O optimismo cristão

Francisco Sarsfield Cabral, jornalista

“Cada ano novo traz consigo a expectativa de um mundo melhor”. Com esta frase começa a mensagem de Bento XVI para o Dia Mundial da Paz, 1 de Janeiro. Mas a expectativa de um mundo melhor é algo que parece desvanecer-se em várias partes do globo. Sobretudo a Ocidente, vivemos um tempo de pessimismo.

 

A descrença num mundo melhor tem a ver com vários factores. A crise financeira global, iniciada em 2007 nos Estados Unidos, e a crise da zona euro contribuem para o pessimismo. Por outro lado, muitos ocidentais vêem com tristeza transferir-se para a Ásia o centro dinâmico da economia mundial.

 

Mais importante, o colapso do comunismo legou uma herança de cinismo quanto à ideia de mudar o mundo. Pois se um projecto de acabar com a exploração dos pobres se revelou tão negativo, não será preferível deixarmo-nos de fantasias adolescentes e cada um ir tratar da sua vida, sem se preocupar com os males da sociedade nem com o sofrimento dos outros?

 

A esta atitude contrapõe-se frontalmente o optimismo cristão. Na sua Mensagem, o Papa apela a “uma evolução espiritual, uma educação para os valores mais altos, uma visão nova da história humana”. E denuncia “os ídolos deste mundo”, que conduzem a “consciências cada vez mais insensíveis, (…) a fechar-se em si mesmo, a uma existência atrofiada vivida na indiferença.
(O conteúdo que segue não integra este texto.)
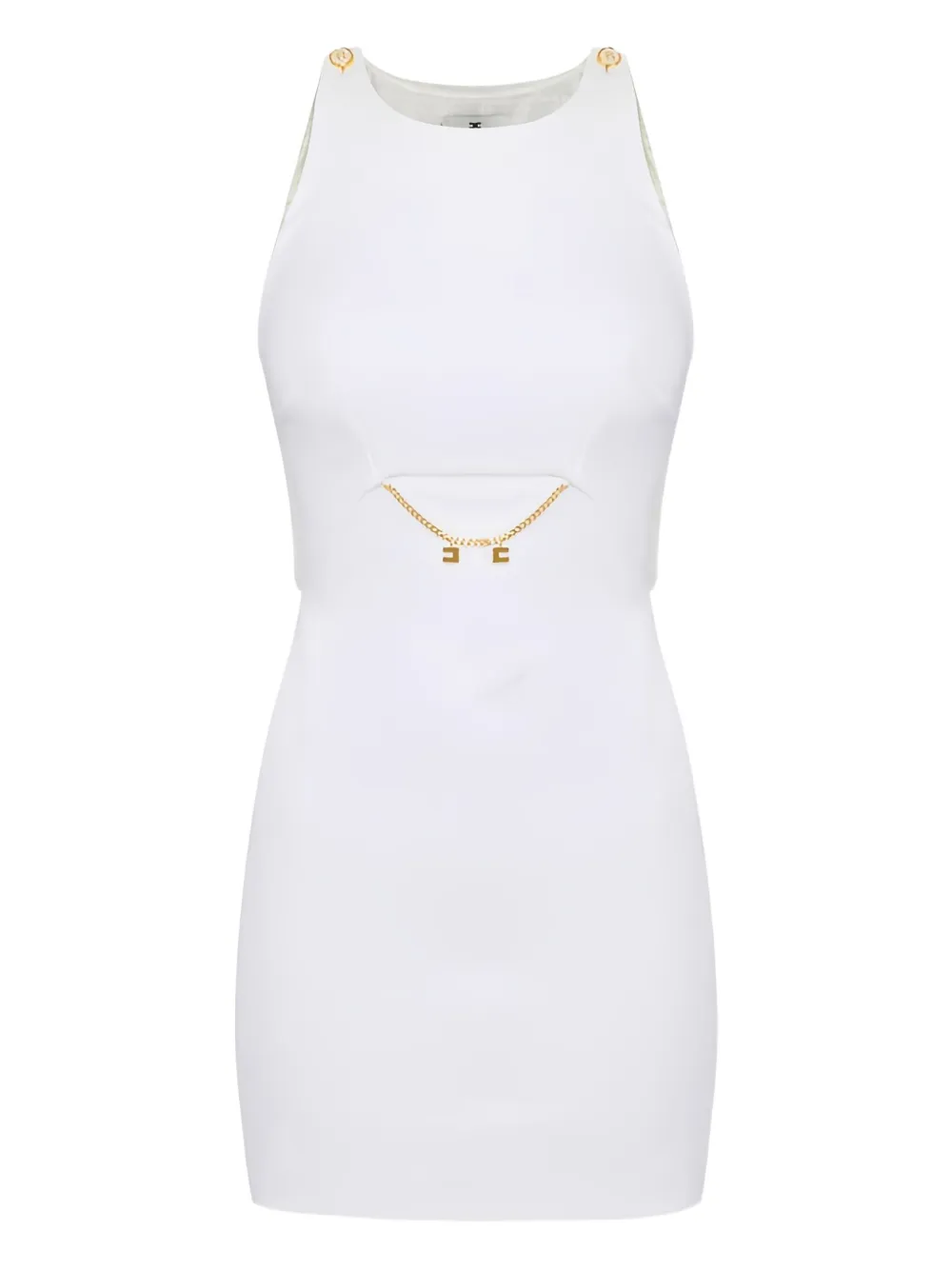 Elisabetta Franchi Enamelled-buttons Dress In White
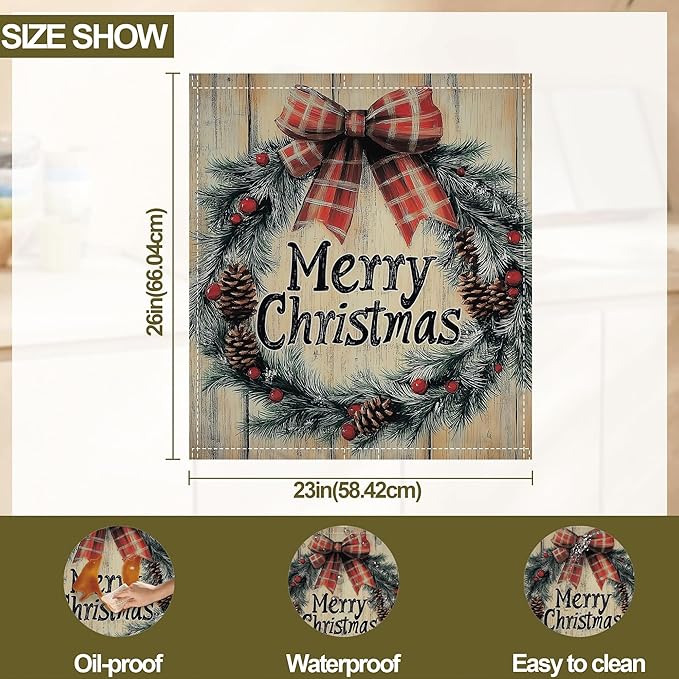 Merry Christmas Dishwasher Magnet Cover,Rustic Wooden Kitchen Decor Waterproof Refrigerator Magnet Appliance Cover Protector,23Wx26H Inches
Ao contrário, a pedagogia da paz implica serviço, compaixão, solidariedade, coragem e perseverança.”

 

Ora isto é o oposto de uma fuga ao mundo. “Cada homem é criado à imagem de Deus e chamado a crescer contribuindo para a edificação de um mundo novo”. Num artigo assinado por Bento XVI e publicado dias antes do Natal no jornal britânico de negócios Financial Times (facto inédito!), o Papa diz que “nos Evangelhos os cristãos encontram inspiração para as suas vidas diárias e para o seu envolvimento nos assuntos do mundo. Seja no Parlamento ou na Bolsa, os cristãos não devem fugir do mundo”.

 

O que implica tentar modificar muita coisa. Por exemplo, “o desmantelamento da ditadura do relativismo”, que leva a uma concepção débil da pessoa, incapaz de fundamentar direitos humanos. Ou procurar “um novo modelo de desenvolvimento e também uma nova visão da economia” – apelo que já se encontrava na encíclica Caritas in Veritate e que, na minha opinião, ainda não encontrou resposta adequada por parte dos intelectuais católicos.

 

É que, sublinha Bento XVI, “o modelo que prevaleceu nas últimas décadas apostava na busca da maximização do lucro e do consumo, numa óptica individualista e egoísta que pretendia avaliar as pessoas apenas pela sua capacidade de dar resposta às exigências da competitividade”.

 

O que chamo “optimismo cristão” não é, pois, um sentimento desligado da realidade e muito menos uma atitude passiva. “Bem-aventurados os obreiros da paz”, é o título da Mensagem do Papa. Os cristãos devem “meter a mão na massa”, juntamente com todos os homens de boa vontade.